Der Campus soll Forschende, Sicherheitspersonal, Grenzschutzbeamte und andere Fachleute aus allen EU-Ländern in Ispra, weiteren Standorten in der EU und online zusammenbringen, um innovative Ideen in konkrete Lösungen für ein stärkeres und sichereres Europa umzusetzen. In Ispra erhalten die Teilnehmenden direkten Zugang zu den Laboren und Forschungseinrichtungen der Forschungsstelle.

Brunner: Europa muss besser vorausschauen

“Ich denke, Europa muss seine Fähigkeiten stärken, nicht nur um zu reagieren, sondern auch, um vorauszusehen, wie die Technologie das Sicherheitsumfeld von morgen verändern wird, sowohl im Hinblick auf Bedrohungen als auch im Hinblick auf Chancen für neue Lösungen”, betonte Kommissar Brunner. Europa verfüge bereits über viele der wesentlichen Bausteine dafür, wie Forscher von Weltklasse, Forschungslabore und wir sehr innovative Unternehmen. Aber Europa müsse “noch viel weiter gehen” und den Innovationszyklus beschleunigen – “von einer guten Idee zu einer Lösung, die zum Schutz unserer Gesellschaften eingesetzt wird”.

Auf eine Frage der APA in der Pressekonferenz, wie der neue Campus konkret zur Verhinderung von Ereignissen wie die Migrationskrise von Ceuta oder den versuchten Leipziger Drohnenanschlag beitragen könne, sagte Brunner, die in Ceuta gewonnenen Erkenntnisse zeigten, “dass wir uns früher vorbereiten müssen”, und genau hier kommt für ihn der Campus “ins Spiel, um besser vorbereitet zu sein, früher vorbereitet zu sein, alle Erkenntnisse aus Vorfällen und Ereignissen der Vergangenheit zu nutzen, um für die Zukunft besser gerüstet zu sein”. Das spiele auch bei Leipzig eine Rolle.

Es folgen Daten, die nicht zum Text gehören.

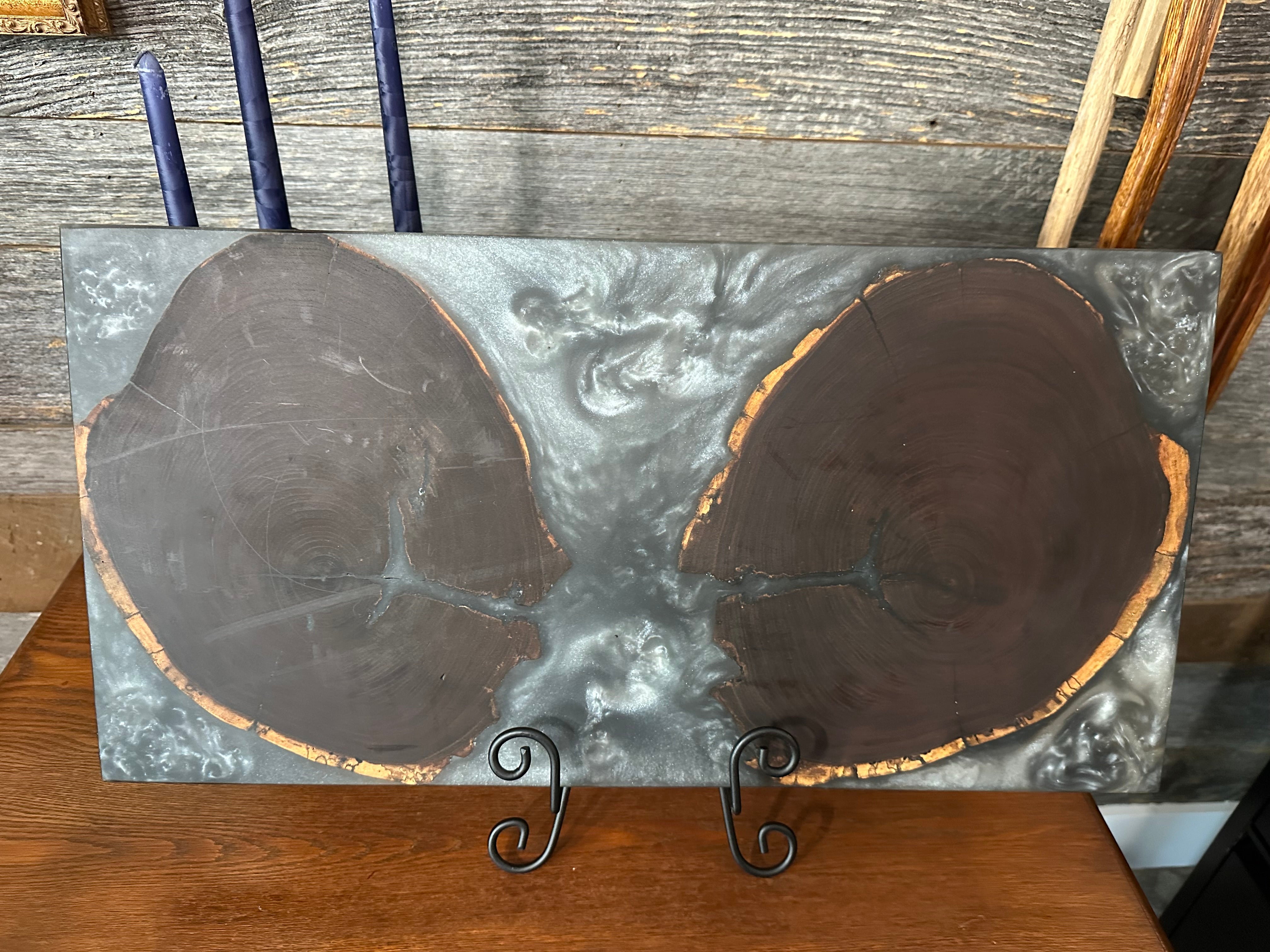 Live Edge Black Walnut End-Grain with Shimmering Silver Resin River Charcuterie Board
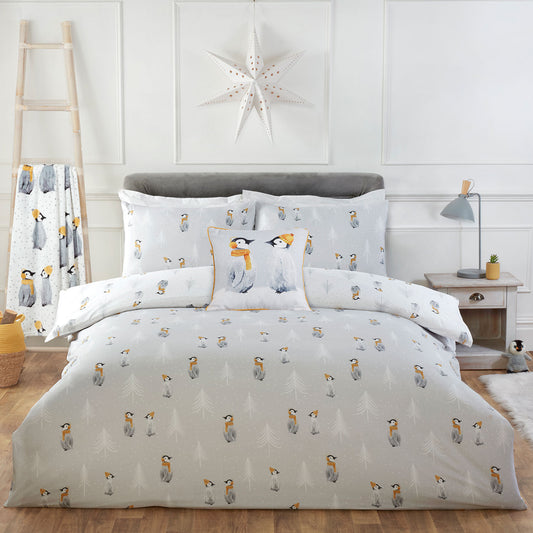 Penguin Pals Grey Reversible Duvet Set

Grenzmanagement und nukleare Sicherheit 2 der 6 Säulen

Grenzmanagement, Krisenmanagement, Verteidigung, innere Sicherheit, nukleare Sicherheit sowie Weltraum und Quantenphysik sind die sechs miteinander verknüpften Säulen, auf die die Arbeit im Campus aufbauen wird. So soll etwa ein “Grenzsicherheitslabor” ein Kooperationsnetzwerk von Laboren schaffen, die auf die Unterstützung von Grenzkontrollen und Zollmaßnahmen spezialisiert sind. Ziel ist, Sicherheit und Effizienz an den nationalen Grenzen zu verbessern.

Das Europäische Krisenmanagementlabor (ECML) liefert wissenschaftliche Empfehlungen und Lagebilder zur Bewältigung von Naturkatastrophen und vom Menschen verursachten Katastrophen. Es unterstützt die Europäische Kommission, die EU-Staaten und internationale Organisationen, indem es täglich Karten erstellt, die einen Überblick über aktuelle Ereignisse bieten und eine wichtige Rolle bei der Durchführung von Hilfs- und Rettungsmaßnahmen spielen können.

Der “Security Campus” ist ein zentrales Projekt der Europäischen Strategie für innere Sicherheit ProtectEU. Diese soll die Mitgliedstaaten im Kampf gegen Online- und Offline-Bedrohungen durch Terroristen, Kriminelle und feindliche ausländische Akteure stärken. Darüber hinaus sollen Sicherheitsaspekte in alle künftigen EU-Politiken einbezogen werden.